Landlord reasonably withheld consent to planning application
The Supreme Court (SC) has ruled, by a majority of three to two, that a landlord (L) was reasonable to withhold consent to a tenant’s (T’s) planning application, where the additional residential use contemplated by that application would increase the risk of a successful enfranchisement claim under the Leasehold Reform Act 1967 (LRA 1967). In reaching this conclusion, the SC reversed the decision of the Court of Appeal (CA).

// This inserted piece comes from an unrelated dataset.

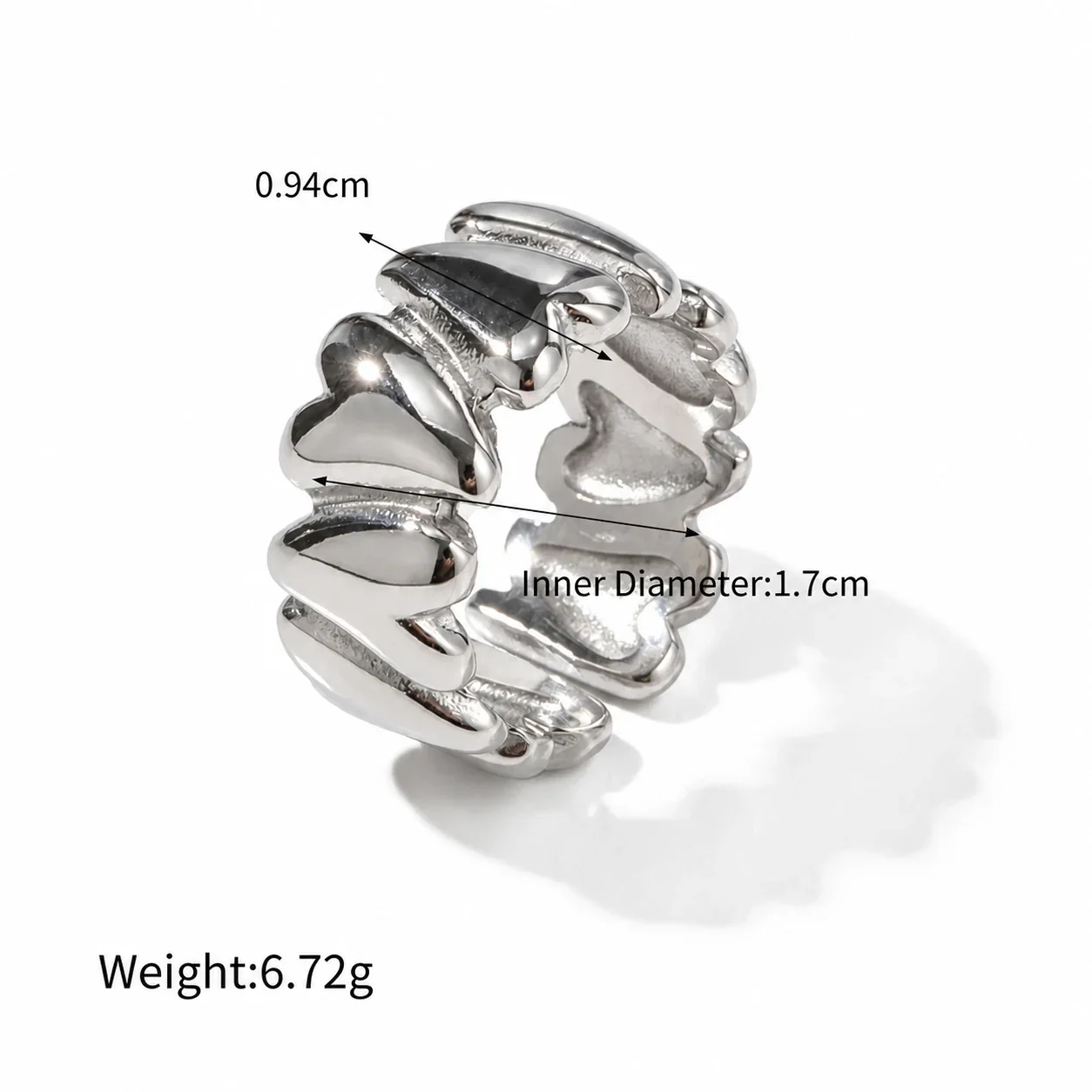 Sculptural Gold-Plated Dome Heart Wide-Band Ring - Silver Open Heart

The property was a terraced building with six floors (Property). Historically, the basement and ground floors had been used for retail, the first and second for offices or ancillary retail purposes and the third and fourth floors were residential. However, the user clause in T’s lease (clause 3(11)) allowed the whole or any part of the Property to be used for a variety of purposes, including residential, with no qualification.
Under clause 3(19) of the lease (clause 3(19)), landlord’s prior consent was required to any planning application (such consent not to be unreasonably withheld). T requested L’s consent to apply for planning permission to change the use of the first and second floors to residential. L refused, primarily because the additional residential use would increase the risk of the property being enfranchised under the LRA 1967 and reduce the value of L’s reversion.
Both the County Court and the CA found for T. The SC, however, allowed L’s appeal. Lord Briggs, giving the majority judgment, held that the CA had made an error in law when it held that L could not reasonably use clause 3(19) for this purpose. Clauses 3(11) and 3(19) must be read together; residential use was only permitted in the Property to the extent that it was permitted by planning law. Applying the principles set out in Ashworth Frazer v Gloucestershire City Council  1 WLR 2180, L’s refusal of consent was reasonable, particularly given the economic consequences for L.
Lady Arden and Lord Wilson, dissenting, disagreed with the majority’s interpretation of the lease. The purpose of clause 3(19) was not to enable L to cut down the user clause, which was a valuable element of the lease. The original parties to the lease would have been aware of the LRA 1967 and could have agreed further protections.
This decision, by a bare majority, demonstrates the compelling arguments on both sides of this debate, particularly with regards to the relationship between the lease clauses. The result will be welcomed by landlords, as it appears to provide a potential way to prevent enfranchisement, even where a lease allows unqualified residential use. However, tenants will be disappointed, especially where reliance has been placed on a flexible user clause for enfranchisement potential.
Case: Sequent Nominees Ltd (formerly Rotrust Nominees Ltd) v Hautford Ltd  UKSC 47 (30 October 2019) (Lord Briggs, Lord Carnwath, Lord Hodge, Lady Arden and Lord Wilson).